I thought I was doing it right but I guess not. What is the proper way to use the collar?


----------



## Britman (Dec 18, 2002)

Bob gives good advice but in case you don't put it back in the box here is what you need to do. The e-collar is an extension of the check cord, it is apparent by your dogs reaction that it is totally confused and now scared, your dog doesn't know what it means. I would handle this situation like this.
Put the ecollar on the dog but don't turn it on for at least the first month just let her get use to wearing it, and let her bold up by running her on wild birds if possible or pen birds in a controlled situation. Now after a month turn the collar on and while you are working on the come command with a checkcord 
give a tug on the check cord tell her to come if she ignores tug again but this time touch her with the e collar at the same time you tug the check cord. E collar should be on the lowest setting, you work like this until the dog realizes that the check cord and the e collar are one and the same for commands. After a couple of sessions like this and the dogs reaction to the e-collar is positive not negative you can move to just the e-collar but still have the dog on the check cord. You build from this foundation.
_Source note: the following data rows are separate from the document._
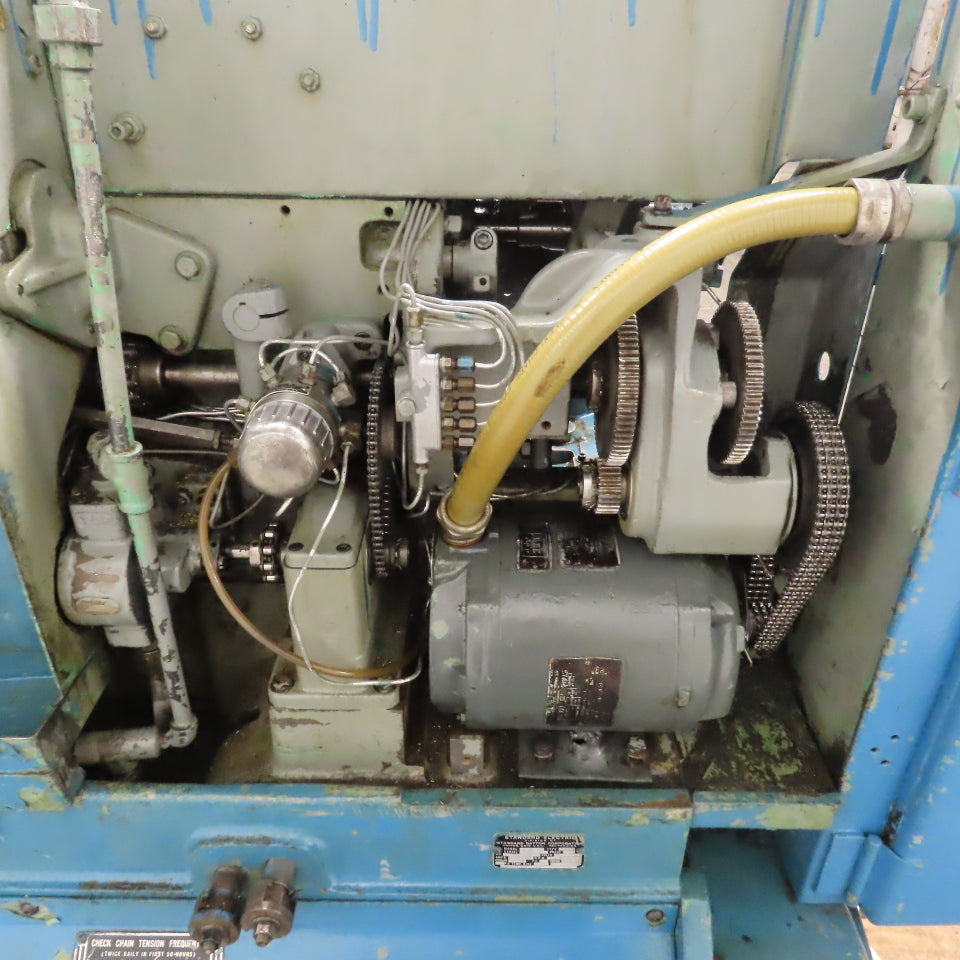Brown & Sharpe #00 Automatic Screw Machine Lathe 3Ph 208-230V 1/2" Capacity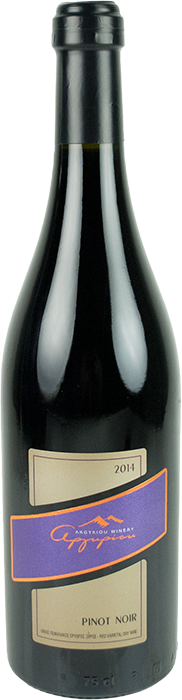 Pinot Noir 2014 - Argyriou Winery - Parnassos Vineyards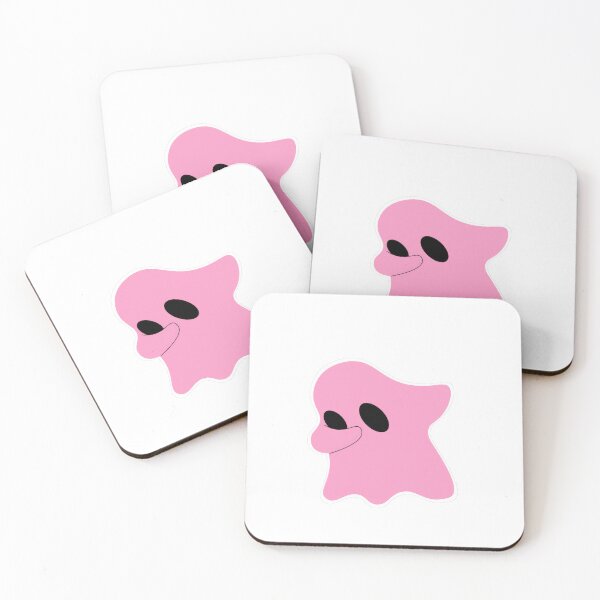 Item preview, Pink Dab Ghost designed and sold by E-kaiwaii.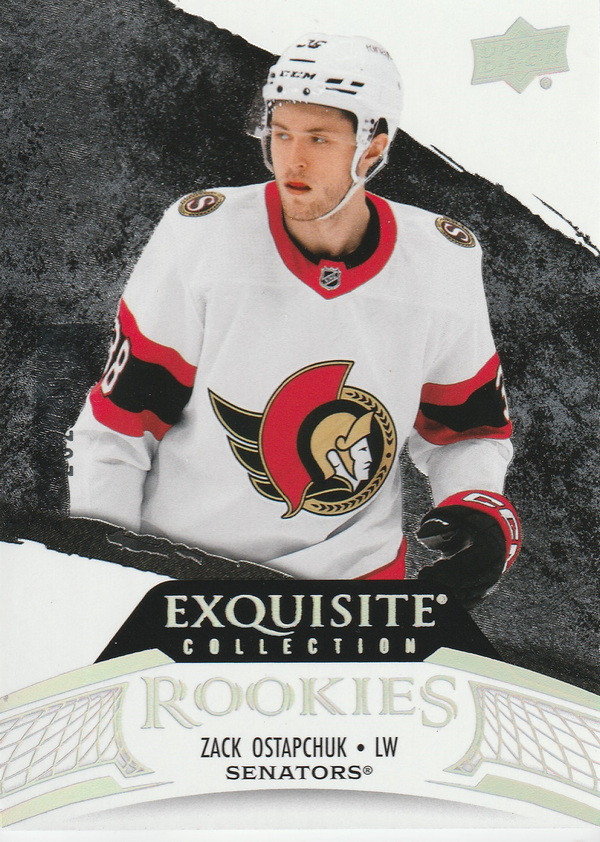 Hockey card Zack Ostapchuk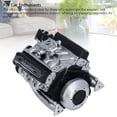 thumbnail image 4 of Kits de Modelo de Motor V8, Modelo de Construcción de Motor de Automóvil V8, Adorno de Escritorio, Decoración del Hogar para adolescentes entusiastas de los automóviles, 4 of 7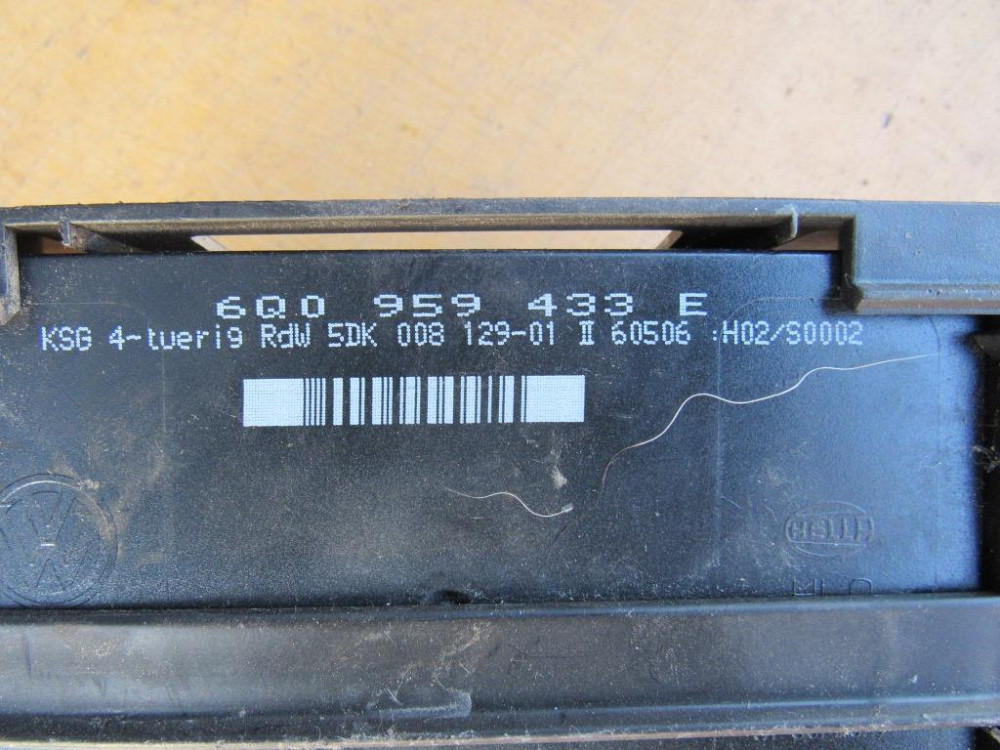 Блок комфорта VW Polo 2005-2009 (6Q0959433E) Ковель - зображення 2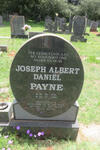 PAYNE Joseph Albert Daniel 1946-2006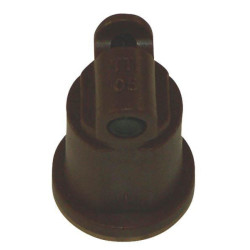 Oro įpurškimo antgalis TTI 110° 05 rudas plastikinis TeeJet TTI11005VP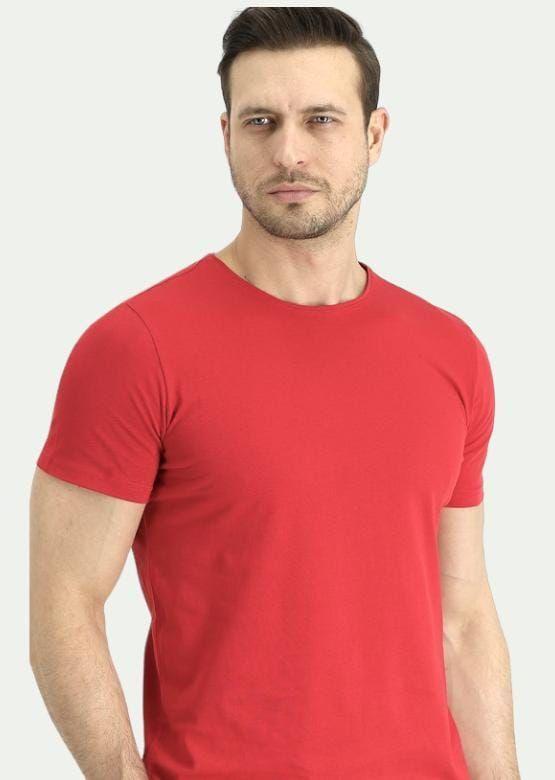 Polera Hombre Casual Cuello Redondo-0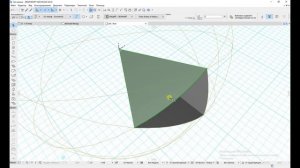 Морф в ArchiCad. Моделирование элементов оболочки пространственной конструкции в ArchiCad.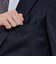 【OX BRIDGE】【DORMEUIL/ドーメル】シャドーストライプスーツ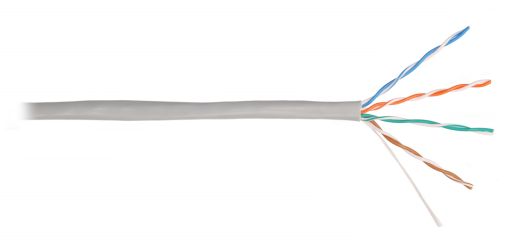 Кабель витая пара Nikolan NKL 2100A-GY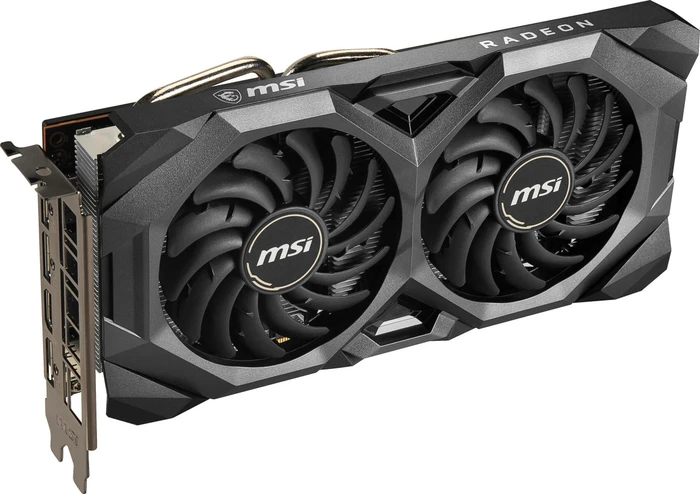 MSI Radeon RX 5700 Mech OC, 8GB GDDR6, HDMI, 3x DP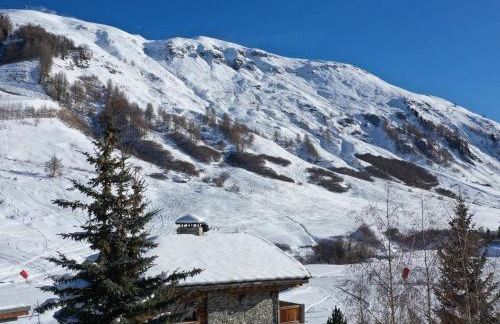 Duplex élégant, 8 pers., cheminée, Val-d'Isère, parking, WiFi - FR-1-694-440 - Foto 19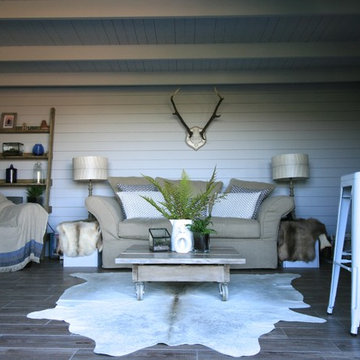 The summer house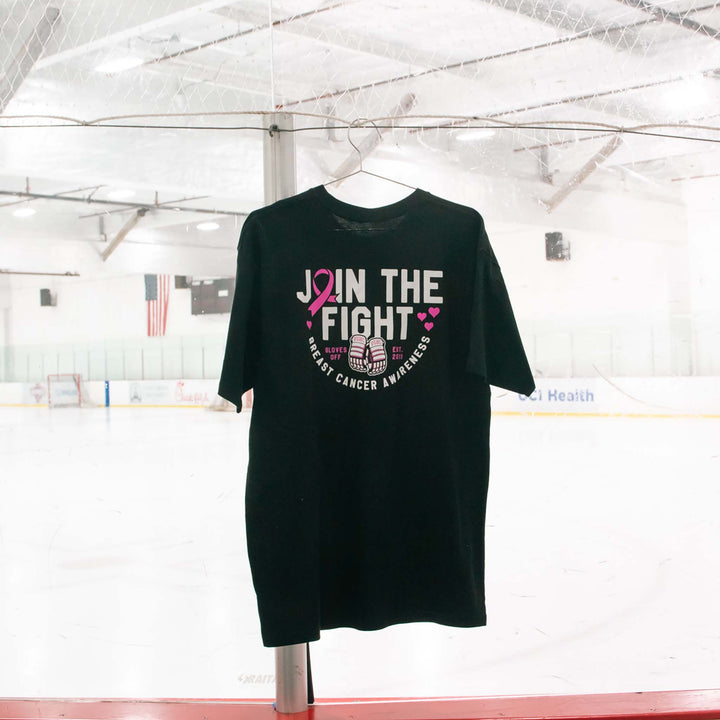 Hockey Gloves Off Premium Tee - - Men's T-Shirts - Violent Gentlemen Hockey Lifestyle | Built by Fans for Fans | Perfect Gift for hockey fan or hockey players that live in the hockey culture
The e collar is one of the best tools and the worst tools for training dogs it takes patience to do it correctly. Go very slowly and you will be fine.

For now turn it off and let the dog bold up.


----------



## Bobm (Aug 26, 2003)

35 years training bird dogs behind that statement.

Your dog does not need that collar on it until its had a full season of hunting behind it you are very close to screwing her up.

Its a lot harder to bold a dog up if it becomes intimidated and unsure of itself and your dog hiding under the table is close to that, e collars are bad about that if used wrong.

Find a very experienced trainer around your area to teach you how and when to use it.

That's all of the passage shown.